This was a scary enough read when you think about it happening in China but it gets scarier as you realise that not only are the Chinese exporting this technology freely across the globe but that our countries are looking at this way of ‘harmonising’ their citizens too – maybe not as forcefully, maybe not as openly – but you can see them salivating at the power it gives them. It’ll be sold, naturally, as a painless way of protecting you from crime, from terrorism, and protecting your children from predators and it will work. After all, if you’re doing nothing wrong you have nothing to fear, right? I’m sure that European Jews said the same thing to themselves in 1932….. Highly recommended if you can keep your paranoia in check. Much more on China to come.
Translated from the German by Ruth Martin
5 comments:
the older i get the smarter Orwell seems...
Scary stuff indeed. The entire harmony thing seems the stuff of fiction. Some of our societies are full of rebellious folks. Many people champion the dark side of things. Resistance to this stuff would be vigorous. But we must always be vigilant.
Oh no thank you, my paranoia is out of control sometimes as is.
Whoa!! It has been addressed in sci fi for decades and it sounds like it is coming for us sooner than we thought. Thanks for your review and for even reading it-:(
@ Mudpuddle: I think Orwell would be appalled at what we've done to ourselves in the name of Security.

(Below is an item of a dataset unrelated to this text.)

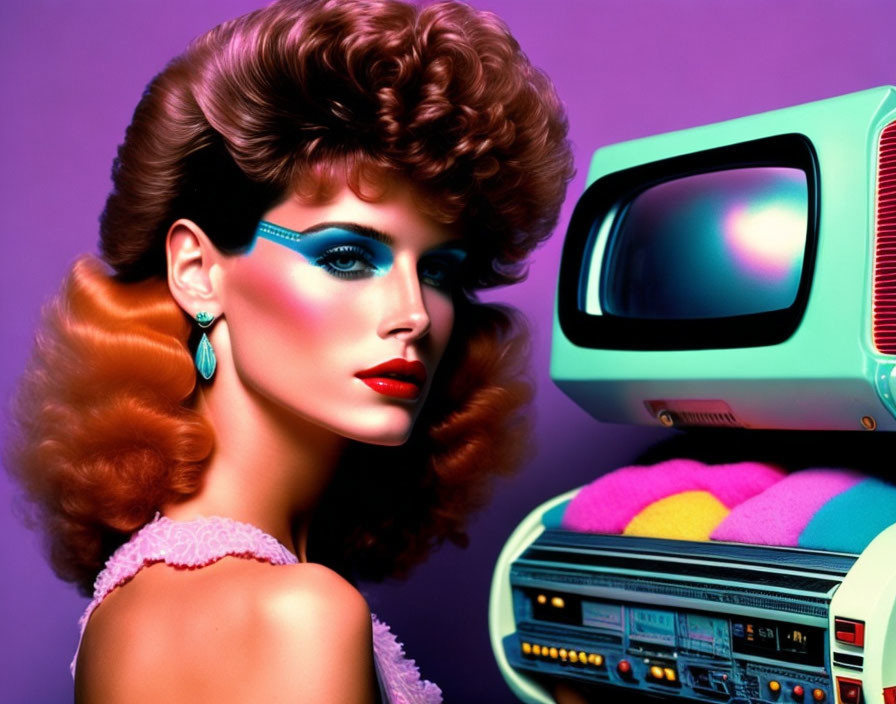 Voluminous hair and vibrant 1980s makeup next to retro TV on purple background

@ Brian: I don't think the resistance would be as pronounced as most people imagine (including me). 20-30% would approve of it when crime dropped to almost nothing. Most of the rest would be indifferent or too afraid to protest. Only about 2-5% would be active resisters I think.
@ Sarah: One to avoid for you I think - although at least it wouldn't make you *too* angry!
@ Judy: Yup, scary isn't it? I think something like this will exist across the planet at some point with locally applied tweaks for cultural differences. All very Gibsonesque!